Last week the Telegraph reported that Conservative Ministers plan to exempt small businesses from strict maternity laws, giving companies with ten or fewer employees the right to negotiate maternity and paternity directly with their employees. I’m sure that on paper this seems like a win-win to the Ministers. Small businesses benefit, expectant parents get more choice. But it’s really not as simple as that.
Firstly, women are likely to lose out. While there are many admirable small business employers who would negotiate fair maternity and paternity leave deals with their employees, there is a real risk that relaxing the legislation will have a negative effect on many employees. Even with the current legislation, many women are still sacked for being pregnant. Just like tax, often it’s the biggest and most powerful companies who get away with blue murder.
Secondly, not everyone is in a position to strike a deal. Personally I like the idea of being able to negotiate my own maternity leave rather than being bound into rigid rules about what I should or shouldn’t take. But then I’m a confident woman, with a partner and other family members able to pick up any slack, a bank account which would keep me from starving for at least a couple of months, and the education to go get a different job. I would probably be able to negotiate a reasonable deal which benefited both me and my employer. Not everyone is so lucky – perhaps they have less family support, a smaller saving account, or they really do need that job.
The difficulty is that small businesses do need support. They are often bound up in red tape, with none of the loopholes exploited by large multi-national firms. And yes, I support the idea that the state should get off their backs and let them get on the important business of producing growth.
But on the other hand, the population needs to be replenished. It is the responsibility of the state to ensure its own survival through the birth of future citizens. Families need to be able to have children, and to be able to choose which of the parents should take time off work. And so the state should offer them some respite from paid employment in order for them to help with the continued existence of the UK.

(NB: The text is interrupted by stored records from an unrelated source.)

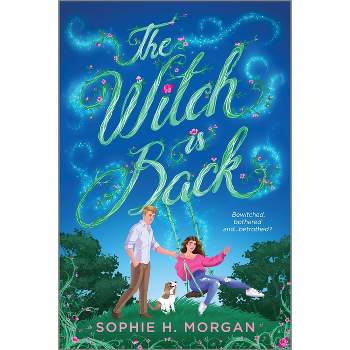 The Witch Is Back - (Toil and Trouble) by  Sophie H Morgan (Paperback)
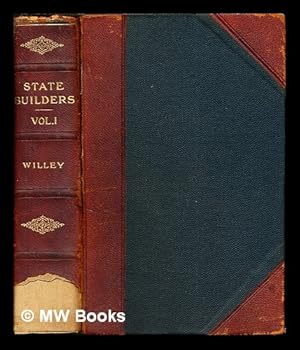 Imagen del vendedor de State Builders: an illustrated historical and biographical record of the State of New Hampshire at the beginning of the twentieth century: vol. I a la venta por MW Books Ltd.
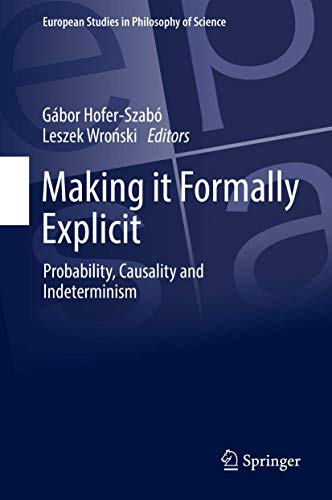 Stock image for Making It Formally Explicit : Probability, Causality and Indeterminism for sale by Better World Books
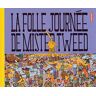 La folle journée de Mister Tweed Jim Stoten Autrement Jeunesse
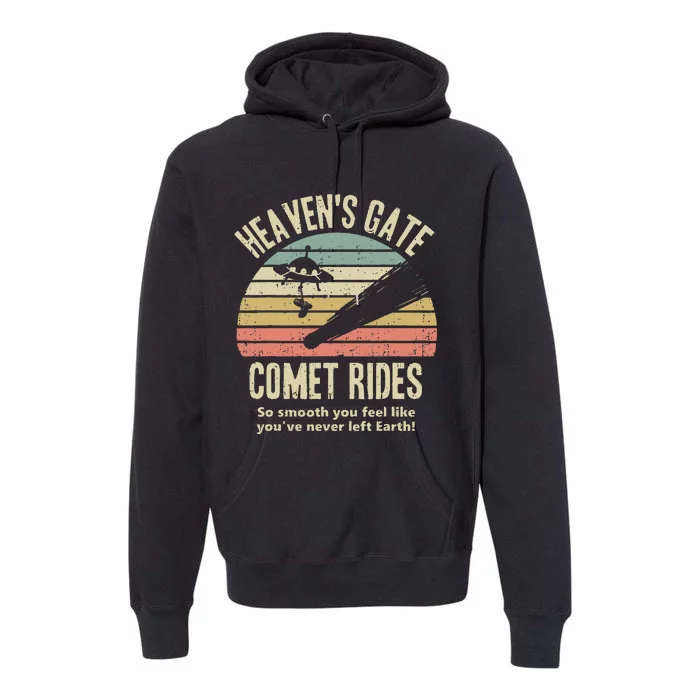 HeavenS Gate Comet Rides Retro Man 90s Space Lover Gift Premium Hoodie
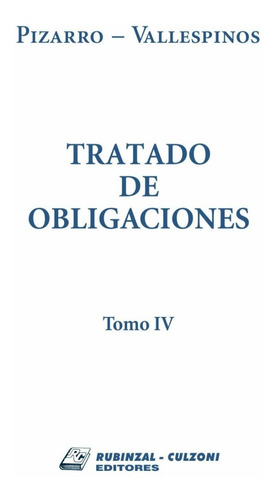 Tratado De Obligaciones  T.4  Pizarro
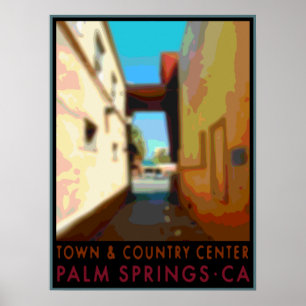 Póster Centro de la Ciudad y del País Palm Springs CA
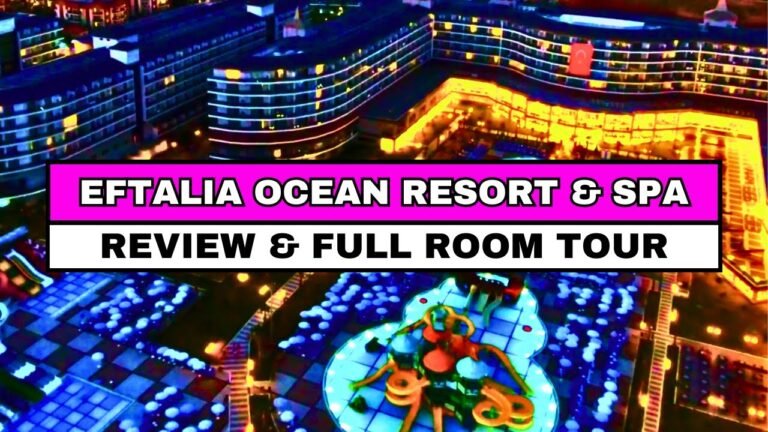 Eftalia Ocean Resort & Spa – Review & Tour (2025 Travel Guide)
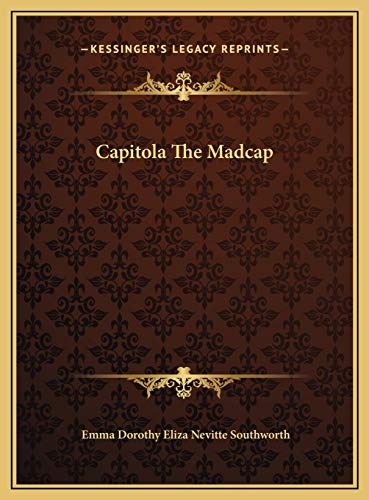 Capitola The Madcap (9781169735514) by Southworth, Emma Dorothy Eliza Nevitte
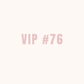 VIP 76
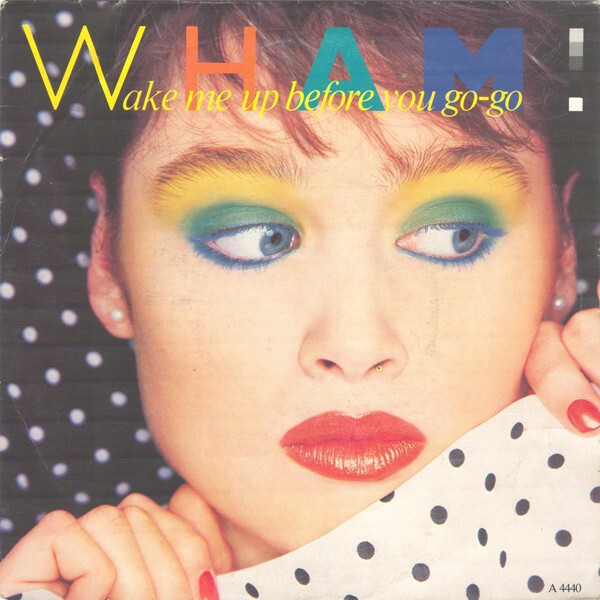 WAKE ME UP BEFORE YOU GO-GO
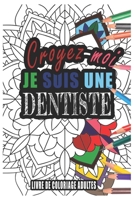 Croyez-moi je Suis une Dentiste Livre de Coloriage Adultes: Livre de Coloriage Adultes de plus de 50 Mandalas  pour les Dentistes cadeaux pour un ami, ... quelqu'un de la famille (French Edition) B084Z147QH Book Cover
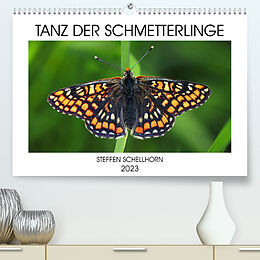 Kalender TANZ DER SCHMETTERLINGE (Premium, hochwertiger DIN A2 Wandkalender 2023, Kunstdruck in Hochglanz) von Steffen Schellhorn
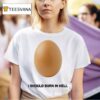 Geese I Should Burn In Hell Eggs T Shirt
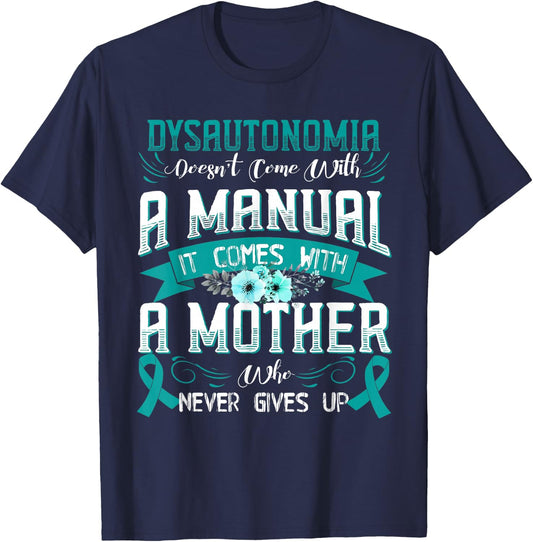 DYSAUTONOMIA Doesn't Come With a Manual it Comes with a T-Shirt - T-Shirt | Navy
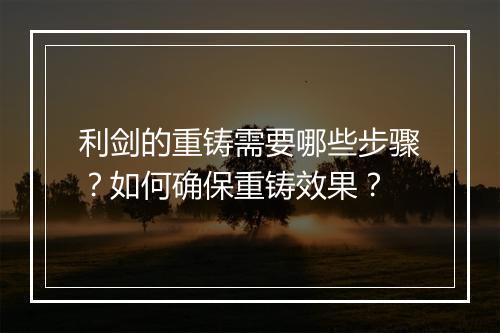 利剑的重铸需要哪些步骤?如何确保重铸效果?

I have an idea for maternity and paternity leave which I’d like to throw out here. Perhaps it won’t work, perhaps it will. It’s this: abolish paternity and maternity leave altogether, and replace it with baby leave. Let’s talk not about the rights of the parents to care for the child, but the right of the baby to be cared for by someone. The baby’s guardians can then divide the leave between them with no fuss. Why would this be better? Firstly, it takes the emphasis away from the perceived roles of the parents, hopefully leading to a situation where it wouldn’t be assumed that the mother is the one who takes time off. Secondly, it separates the care of the baby from the physical childbirth. Sometimes childbirth is relatively straight-forward and simple, sometimes it is a much more difficult experience. A mother, I suggest, should have separate medical leave for the birth and for her recovery. Thirdly, it opens the way for not just the biological mother and father, but possibly other members of the same family household (a grandparent, or the sibling of one of the parents) to take the baby leave instead. If one parent is absent or dead, an easy way for another family member to take baby leave could be incredibly useful.
Maternity and paternity leave should be about choice. Every family is different, and not all families want the same thing. But making the rules different for small businesses won’t benefit families, and because of that, are unlikely to benefit the UK as a whole.